September 13, 1991|By Michael J. Clark | Michael J. Clark,Howard County Bureau of The Sun

The Howard County budget, already 12 percent leaner than last year, will be cut by another 5 percent to offset a $3 million deficit and anticipated cuts in state revenues, County Executive Charles I. Ecker said yesterday.

In another action yesterday aimed at easing fiscal problems, county officials announced that they will seek legislative approval of a "building excise tax" on construction to fund road improvements.

Mr. Ecker told the County Council that he will cut the budget by freezing hiring, eliminating non-essential travel, deferring equipment purchases, reducing road resurfacing and refinancing the county's bonds.

The first-term Republican executive said that he is asking the county school system, Howard Community College, the library and the sheriff's office to return money to county coffers. "It is a voluntary thing," he said.

But those agencies, already faced with budget cuts, said they can return little, if any, money.

"We will look, but I doubt it," said Deborah D. Kendig, the chairwoman of the county school board. "We returned close to $2 million last year, but this budget is really cut close."

School Superintendent Michael E. Hickey said, "The likelihood of returning any funds this year is small because the school system has to absorb 1,300 additional kids and . . . we received a slight decrease in county support this year."

The school system responded to Mr. Ecker's request last fiscal year to trim spending by returning $2 million, because "we had a lot more flexibility in our budget at that time," Mr.
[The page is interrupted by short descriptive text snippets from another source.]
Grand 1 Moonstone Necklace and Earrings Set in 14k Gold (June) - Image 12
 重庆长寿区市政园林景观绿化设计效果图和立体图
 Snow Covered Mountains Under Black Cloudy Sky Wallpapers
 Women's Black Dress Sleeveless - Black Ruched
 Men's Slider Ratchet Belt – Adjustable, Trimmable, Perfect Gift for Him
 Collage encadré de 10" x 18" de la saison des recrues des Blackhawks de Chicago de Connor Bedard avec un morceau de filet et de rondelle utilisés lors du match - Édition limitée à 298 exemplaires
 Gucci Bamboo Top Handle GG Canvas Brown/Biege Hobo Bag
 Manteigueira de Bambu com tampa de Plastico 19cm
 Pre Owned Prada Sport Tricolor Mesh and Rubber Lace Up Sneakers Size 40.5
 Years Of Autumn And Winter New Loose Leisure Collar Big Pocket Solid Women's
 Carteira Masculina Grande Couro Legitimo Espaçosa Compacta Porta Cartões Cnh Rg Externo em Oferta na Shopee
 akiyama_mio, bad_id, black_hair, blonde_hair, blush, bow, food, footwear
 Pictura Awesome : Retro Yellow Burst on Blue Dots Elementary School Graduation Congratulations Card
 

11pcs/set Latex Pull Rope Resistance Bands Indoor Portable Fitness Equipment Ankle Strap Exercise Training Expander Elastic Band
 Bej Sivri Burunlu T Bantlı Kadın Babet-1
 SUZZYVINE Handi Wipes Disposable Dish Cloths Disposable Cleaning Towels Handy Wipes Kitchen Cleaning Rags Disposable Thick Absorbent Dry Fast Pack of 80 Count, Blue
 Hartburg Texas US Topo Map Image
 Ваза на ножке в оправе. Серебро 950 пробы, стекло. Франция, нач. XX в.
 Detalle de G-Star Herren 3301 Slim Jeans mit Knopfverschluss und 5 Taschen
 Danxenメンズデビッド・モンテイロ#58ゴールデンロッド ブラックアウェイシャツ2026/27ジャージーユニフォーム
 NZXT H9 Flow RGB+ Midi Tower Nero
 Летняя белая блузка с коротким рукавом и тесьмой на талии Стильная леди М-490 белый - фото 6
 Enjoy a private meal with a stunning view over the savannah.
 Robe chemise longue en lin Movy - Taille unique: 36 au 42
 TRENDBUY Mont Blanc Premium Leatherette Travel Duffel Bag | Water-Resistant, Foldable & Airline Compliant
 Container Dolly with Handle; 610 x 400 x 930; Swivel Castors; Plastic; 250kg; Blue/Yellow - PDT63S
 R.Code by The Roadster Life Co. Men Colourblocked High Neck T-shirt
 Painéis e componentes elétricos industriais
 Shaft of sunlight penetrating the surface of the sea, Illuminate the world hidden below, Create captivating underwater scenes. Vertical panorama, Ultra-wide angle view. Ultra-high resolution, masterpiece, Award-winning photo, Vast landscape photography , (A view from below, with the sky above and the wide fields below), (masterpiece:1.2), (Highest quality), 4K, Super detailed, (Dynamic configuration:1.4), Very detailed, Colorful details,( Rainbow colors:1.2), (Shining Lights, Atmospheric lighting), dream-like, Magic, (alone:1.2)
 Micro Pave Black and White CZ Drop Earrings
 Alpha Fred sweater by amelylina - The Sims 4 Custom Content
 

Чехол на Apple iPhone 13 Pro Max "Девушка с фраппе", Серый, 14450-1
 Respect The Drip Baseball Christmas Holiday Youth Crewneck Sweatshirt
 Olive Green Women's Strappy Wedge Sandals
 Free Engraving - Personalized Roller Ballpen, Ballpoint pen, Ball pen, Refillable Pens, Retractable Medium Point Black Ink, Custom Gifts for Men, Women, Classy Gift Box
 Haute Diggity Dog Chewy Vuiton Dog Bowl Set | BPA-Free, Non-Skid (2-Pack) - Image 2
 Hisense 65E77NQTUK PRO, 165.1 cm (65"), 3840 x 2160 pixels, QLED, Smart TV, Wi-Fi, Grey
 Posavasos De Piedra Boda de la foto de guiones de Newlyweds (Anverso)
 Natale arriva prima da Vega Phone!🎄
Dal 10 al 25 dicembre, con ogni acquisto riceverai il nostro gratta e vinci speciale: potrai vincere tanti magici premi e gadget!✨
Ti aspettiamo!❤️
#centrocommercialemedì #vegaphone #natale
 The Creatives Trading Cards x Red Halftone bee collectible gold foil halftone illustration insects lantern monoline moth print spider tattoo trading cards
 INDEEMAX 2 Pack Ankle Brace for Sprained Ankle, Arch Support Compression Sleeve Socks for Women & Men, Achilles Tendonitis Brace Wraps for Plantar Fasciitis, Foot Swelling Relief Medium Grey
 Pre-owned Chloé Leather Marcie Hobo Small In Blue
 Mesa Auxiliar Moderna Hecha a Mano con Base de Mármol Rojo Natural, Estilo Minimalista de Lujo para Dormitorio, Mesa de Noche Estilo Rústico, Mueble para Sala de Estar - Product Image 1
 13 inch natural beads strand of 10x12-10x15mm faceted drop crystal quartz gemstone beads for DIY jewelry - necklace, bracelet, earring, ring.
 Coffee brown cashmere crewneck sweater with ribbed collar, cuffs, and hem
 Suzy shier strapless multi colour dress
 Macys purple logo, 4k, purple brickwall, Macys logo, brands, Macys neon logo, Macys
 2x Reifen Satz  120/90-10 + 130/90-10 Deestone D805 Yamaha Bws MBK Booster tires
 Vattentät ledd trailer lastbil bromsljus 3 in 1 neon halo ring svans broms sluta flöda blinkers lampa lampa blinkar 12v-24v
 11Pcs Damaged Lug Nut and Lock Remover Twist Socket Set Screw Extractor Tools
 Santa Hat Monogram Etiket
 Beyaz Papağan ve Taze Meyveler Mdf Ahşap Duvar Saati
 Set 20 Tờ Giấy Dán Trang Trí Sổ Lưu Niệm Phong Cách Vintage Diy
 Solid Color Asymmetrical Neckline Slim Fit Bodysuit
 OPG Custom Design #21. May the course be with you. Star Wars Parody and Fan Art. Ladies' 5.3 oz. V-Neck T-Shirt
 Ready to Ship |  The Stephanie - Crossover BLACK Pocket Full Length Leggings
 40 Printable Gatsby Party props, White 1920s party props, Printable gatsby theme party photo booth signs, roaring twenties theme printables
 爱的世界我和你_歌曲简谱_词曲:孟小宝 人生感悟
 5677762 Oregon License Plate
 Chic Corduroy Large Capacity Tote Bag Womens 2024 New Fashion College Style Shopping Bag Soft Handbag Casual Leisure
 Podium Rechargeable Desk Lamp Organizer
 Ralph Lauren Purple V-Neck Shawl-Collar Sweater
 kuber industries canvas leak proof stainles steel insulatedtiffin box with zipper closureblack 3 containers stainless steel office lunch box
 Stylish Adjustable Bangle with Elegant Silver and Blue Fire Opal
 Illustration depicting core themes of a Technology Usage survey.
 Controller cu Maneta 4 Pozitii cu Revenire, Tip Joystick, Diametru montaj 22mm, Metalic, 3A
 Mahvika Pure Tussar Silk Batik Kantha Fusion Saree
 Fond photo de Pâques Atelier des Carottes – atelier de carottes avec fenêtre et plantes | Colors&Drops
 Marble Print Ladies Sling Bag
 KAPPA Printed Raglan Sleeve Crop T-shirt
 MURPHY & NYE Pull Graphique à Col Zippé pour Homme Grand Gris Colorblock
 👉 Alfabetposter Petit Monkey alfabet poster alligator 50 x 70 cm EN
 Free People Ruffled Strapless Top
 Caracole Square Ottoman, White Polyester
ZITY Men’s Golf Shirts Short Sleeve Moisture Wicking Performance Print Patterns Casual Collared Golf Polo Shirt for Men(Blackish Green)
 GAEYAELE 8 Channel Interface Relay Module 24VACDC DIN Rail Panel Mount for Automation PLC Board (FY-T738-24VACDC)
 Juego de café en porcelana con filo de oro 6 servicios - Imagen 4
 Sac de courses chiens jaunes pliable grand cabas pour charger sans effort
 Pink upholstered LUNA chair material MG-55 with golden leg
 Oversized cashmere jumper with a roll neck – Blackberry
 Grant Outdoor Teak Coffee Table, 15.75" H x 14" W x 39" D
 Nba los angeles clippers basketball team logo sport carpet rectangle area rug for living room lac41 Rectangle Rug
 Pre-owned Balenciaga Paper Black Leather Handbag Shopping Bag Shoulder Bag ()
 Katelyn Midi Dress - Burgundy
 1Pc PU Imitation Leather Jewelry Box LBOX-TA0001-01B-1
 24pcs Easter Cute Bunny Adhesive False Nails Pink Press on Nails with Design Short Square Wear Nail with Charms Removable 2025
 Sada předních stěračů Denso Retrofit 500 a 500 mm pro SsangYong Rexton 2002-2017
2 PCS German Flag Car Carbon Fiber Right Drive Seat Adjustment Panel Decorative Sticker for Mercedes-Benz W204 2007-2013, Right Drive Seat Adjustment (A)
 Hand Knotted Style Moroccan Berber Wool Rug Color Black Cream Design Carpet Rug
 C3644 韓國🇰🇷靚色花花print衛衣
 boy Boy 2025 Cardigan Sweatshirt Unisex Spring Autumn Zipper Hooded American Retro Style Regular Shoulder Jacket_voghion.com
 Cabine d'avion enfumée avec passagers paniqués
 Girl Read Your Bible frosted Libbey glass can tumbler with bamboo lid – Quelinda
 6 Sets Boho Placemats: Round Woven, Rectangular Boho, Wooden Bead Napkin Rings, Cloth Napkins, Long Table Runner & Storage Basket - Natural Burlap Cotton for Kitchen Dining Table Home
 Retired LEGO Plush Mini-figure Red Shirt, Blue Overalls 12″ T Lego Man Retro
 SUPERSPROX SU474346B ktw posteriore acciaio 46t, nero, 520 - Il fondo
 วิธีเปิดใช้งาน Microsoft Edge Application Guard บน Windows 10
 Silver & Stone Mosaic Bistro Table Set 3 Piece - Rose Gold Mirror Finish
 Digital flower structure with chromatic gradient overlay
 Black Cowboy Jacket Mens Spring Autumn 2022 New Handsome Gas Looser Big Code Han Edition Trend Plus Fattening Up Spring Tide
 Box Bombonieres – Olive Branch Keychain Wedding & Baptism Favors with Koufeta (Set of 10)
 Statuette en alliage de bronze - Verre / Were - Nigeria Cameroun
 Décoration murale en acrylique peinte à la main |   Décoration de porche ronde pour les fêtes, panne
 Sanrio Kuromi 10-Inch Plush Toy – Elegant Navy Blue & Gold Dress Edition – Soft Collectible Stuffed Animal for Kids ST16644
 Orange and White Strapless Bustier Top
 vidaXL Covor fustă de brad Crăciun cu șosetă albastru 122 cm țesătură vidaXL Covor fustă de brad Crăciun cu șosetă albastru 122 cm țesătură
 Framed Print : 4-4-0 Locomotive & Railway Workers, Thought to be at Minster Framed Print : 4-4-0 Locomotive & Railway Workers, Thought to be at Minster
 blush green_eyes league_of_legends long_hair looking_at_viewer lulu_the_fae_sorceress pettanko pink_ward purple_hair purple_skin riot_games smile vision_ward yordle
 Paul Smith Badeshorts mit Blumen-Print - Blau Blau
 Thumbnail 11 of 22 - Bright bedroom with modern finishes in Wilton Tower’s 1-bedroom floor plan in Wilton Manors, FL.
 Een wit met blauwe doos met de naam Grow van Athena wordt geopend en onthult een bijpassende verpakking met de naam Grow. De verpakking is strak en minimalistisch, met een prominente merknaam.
Hickey said.

"It will be extremely difficult for us to do," said Marvin Thomas, the county's library director, noting that reductions already have forced the library system to close on eight holidays when it used to be open, halt operations on summer Sundays and end bookmobile service.

Sheriff Michael A. Chiuchiolo said that his department "will try to cooperate, but it would be only a minimal amount, if that, or we would have to reduce services to the Circuit Court."

"There is no fat in the budget, and we would have to cut into meat and potatoes," he said.

Steven W. Sachs, chairman of the Howard Community College Board of Trustees, said that the two-year college in Columbia "already has tightened the belt several notches, and I don't know if there is anything available, especially when enrollment is up about 9 percent."

The cause of the latest round of budget cutting is the county's projected $3 million shortfall for the fiscal year that ended June 30, based on an audit that is not yet complete.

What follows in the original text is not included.